A autoridade sempre falaria mais alto. No entanto, naquele momento em que só pensava no irmão, a garota se fez de surda, acelerou o passo e escapou rumo aos corredores formados por estantes abarrotadas de livros, certa de que a bibliotecária iria atrás dela apenas para puxá-la de volta pelas orelhas. Conceição, porém, não se mexeu no seu posto junto ao balcão.

Estranho... a biblioteca estava vazia.

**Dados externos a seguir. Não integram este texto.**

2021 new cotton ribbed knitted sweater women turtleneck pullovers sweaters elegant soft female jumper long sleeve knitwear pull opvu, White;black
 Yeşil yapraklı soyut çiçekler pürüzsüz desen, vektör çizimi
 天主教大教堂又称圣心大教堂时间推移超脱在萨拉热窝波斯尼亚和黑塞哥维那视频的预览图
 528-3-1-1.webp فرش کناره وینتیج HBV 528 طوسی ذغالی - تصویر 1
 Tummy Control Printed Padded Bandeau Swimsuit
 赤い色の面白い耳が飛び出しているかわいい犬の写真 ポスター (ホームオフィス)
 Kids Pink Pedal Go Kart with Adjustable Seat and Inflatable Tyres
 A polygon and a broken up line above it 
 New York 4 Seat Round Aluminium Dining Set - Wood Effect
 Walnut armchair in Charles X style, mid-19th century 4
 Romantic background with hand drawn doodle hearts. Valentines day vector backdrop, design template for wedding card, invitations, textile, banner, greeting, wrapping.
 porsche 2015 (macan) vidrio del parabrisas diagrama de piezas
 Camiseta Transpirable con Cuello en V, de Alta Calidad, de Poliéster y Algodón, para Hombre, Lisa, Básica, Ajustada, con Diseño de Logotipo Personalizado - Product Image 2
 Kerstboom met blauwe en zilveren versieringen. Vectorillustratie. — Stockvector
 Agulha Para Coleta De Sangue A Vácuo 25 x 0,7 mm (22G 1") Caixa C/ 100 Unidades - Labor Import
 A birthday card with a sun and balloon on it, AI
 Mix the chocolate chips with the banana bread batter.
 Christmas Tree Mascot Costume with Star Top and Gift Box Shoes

Naquela hora da manhã era comum ouvir o burburinho dos alunos apressados que vinham devolver livros ou procurar outros para ajudá-los nos quilos de lição de casa que os professores costumavam passar.

Lara pegou o primeiro corredor, contornando-o a seguir para entrar no segundo. Depois, rapidamente, vistoriou o terceiro. Luke prometeu que entraria lá, no décimo corredor da esquerda para a direita... E se fosse no décimo corredor da direita para a esquerda? Isto mudava tudo! Eram 30 corredores no total, alinhados em paralelo, para a direita, logo após o balcão de atendimento e um grupo de mesinhas que os alunos utilizavam para estudar e fazer anotações dos livros.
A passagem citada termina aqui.